We just met with a doctor from the cardiology team and really, I’ve come to the conclusion, that God has allowed some unique things to happen with my heart that really befuddles many! But, the very God who created me is also the very God who can heal me!
The MRI did not really show anything new, except that it showed an EF of 34, which is improved from my EF of 20 a week ago. That’s encouraging. I do not feel as many pvcs (irregular beats), which is also encouraging. This morning I went on a walk and struggled immensely, getting quite winded and had to go back and lay down. Two hours later, I tried again and was able to walk around the whole floor slowly. Make sense of that, right?
So. Because my MRI and heart cath showed that my arteries are completely healthy (which is awesome) and everything really looks okay (including my valves), they are going to try and tackle this with medication. There is a new drug out there that studies have shown has greatly improved chronic heart failure, but it’s hard to get insurance approval for, which is frustrating. So, while they work hard to appeal the denial, they are putting me on another med that I’ve taken before, but are going to try and see if that helps decrease the extreme fatigue and windedness (if that’s a word). I will stay another night and if I tolerate the med change okay, I will go home tomorrow. If I feel the same as I did this morning, they are going to keep me over the weekend and try to tweak it enough so that they and I feel comfortable that I go home. I will go back to wearing the LifeVest, until I return in the future for an ECHO, to see if my EF has improved. Of course I was hoping to get rid of that thing, but at the same time, I’m hoping it’s temporary and that my heart function improves drastically so that I don’t need an implanted defibrillator. The fewer mechanisms have in my body, the better I think!
So did the high number of pvcs cause the EF? Unsure. We really do not have a lot of answers as to the cause. We do know that the “heart attack” scarring they found is from before. Whew. Why did my heart decline so much after surgery? We don’t know. Why did it also hit me like a ton of bricks? I think my heart had just had enough and I became symptomatic. I think it was God’s gentle way of letting me know “hey, your heart is still ticking, but it’s got some issues, go get it checked out.” I am so thankful that no cardiac event happened and that things will only look up from here.

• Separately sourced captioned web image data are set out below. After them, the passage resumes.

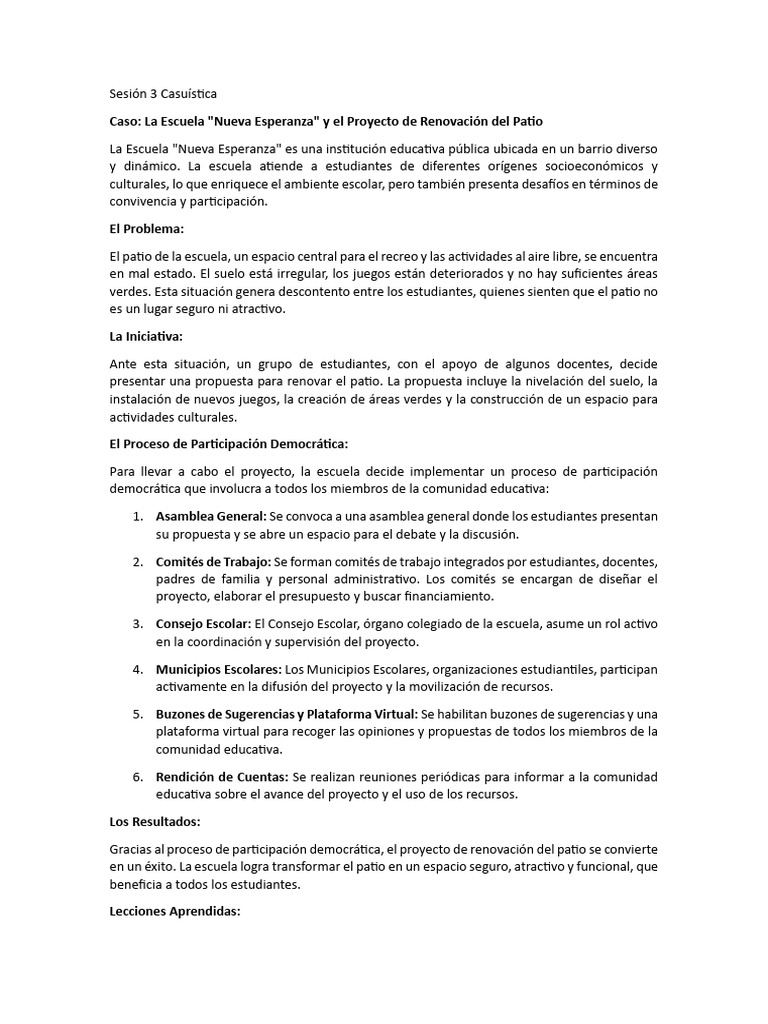 Sesión 3 Casuística | PDF | Escuelas | Democracia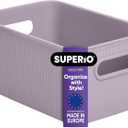 Superio Ribbed Collection - Decorative Plastic Open Home Storage Bins Organizer Baskets, Medium Lilac Purple (1 Pack) Container Boxes for Organizing Closet Shelves Drawer Shelf 5 Liter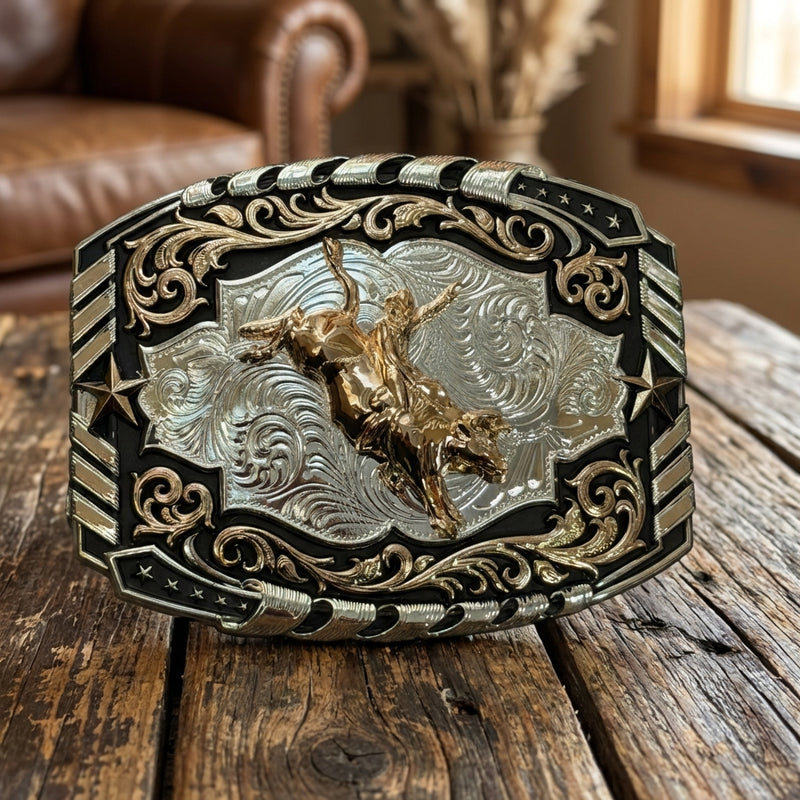 Load image into Gallery viewer, AWW2 - Bullrider 3 Tone Buckle
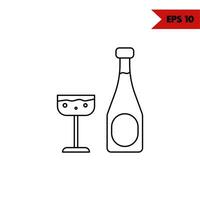 ilustração do ícone da linha de vinho vetor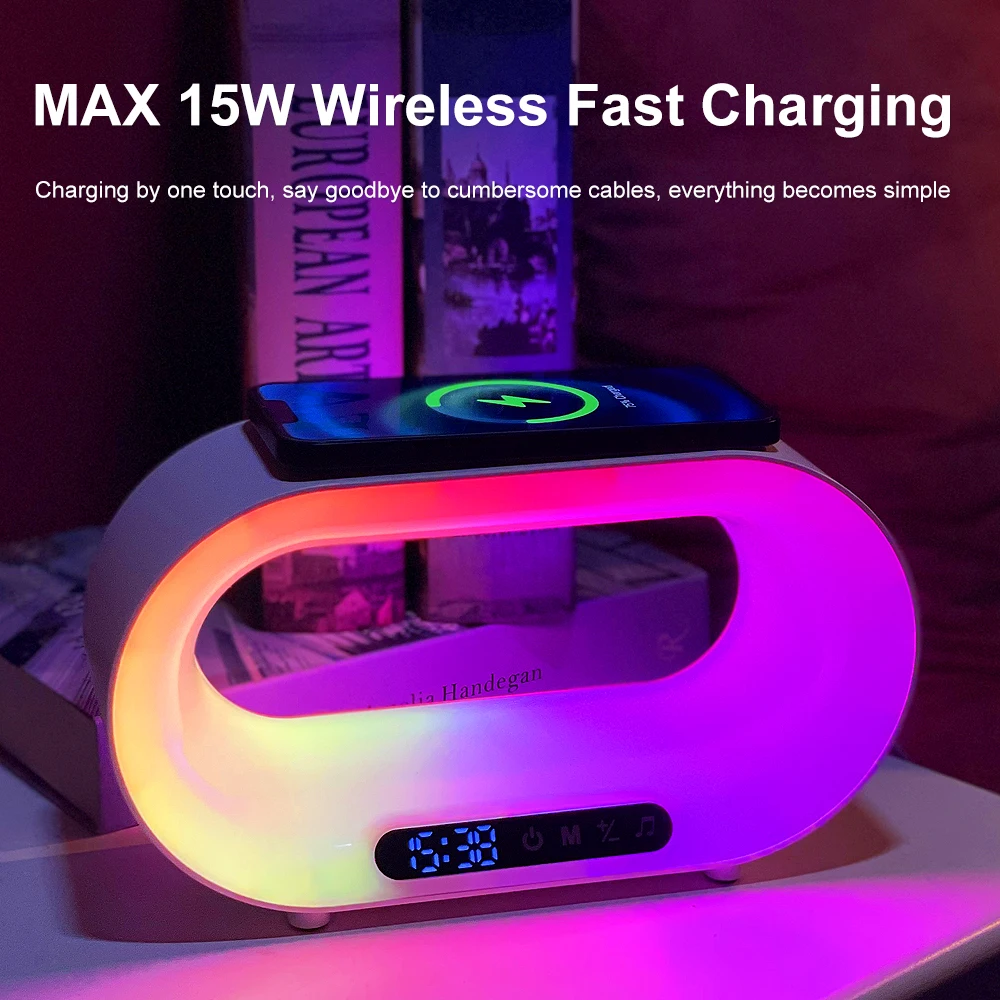 Multi-function 3 In 1 Wireless Charger Alarm Clock LED Night Light APP Control RGB Atmosphere Lamp Smart Table Lamp Home Decor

What does the future look like? Lots of little med tweaks if you ask me. I pray that the med changes will work and that my heart will heal once again, by the Great Physician. This ole ticker has sure been through a lot, but it’s still beating and I don’t need a new one! I want to keep MY heart as long as I can.

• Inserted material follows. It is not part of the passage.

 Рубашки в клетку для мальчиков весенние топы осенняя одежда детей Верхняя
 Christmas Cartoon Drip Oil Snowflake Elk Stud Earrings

I sure am a puzzle, but we are just thankful that hopefully a small med tweak will make me feel like a new person, which will allow my heart to go back to a normal EF range. Thank you for the prayers and love sent our way! We had some visitors on Wednesday and what a nice break it was from the normal pace of life. We are just in AWE of how God has taken care of us. Do I wonder what the future holds? Absolutely. But one thing the hospital has taught me time and time again is that taking life one day at a time is the best thing you can do for your mental, spiritual, physical, and emotional health. Not that we don’t care, but we just care about the gift of each day. Tomorrow has enough trouble of it’s own.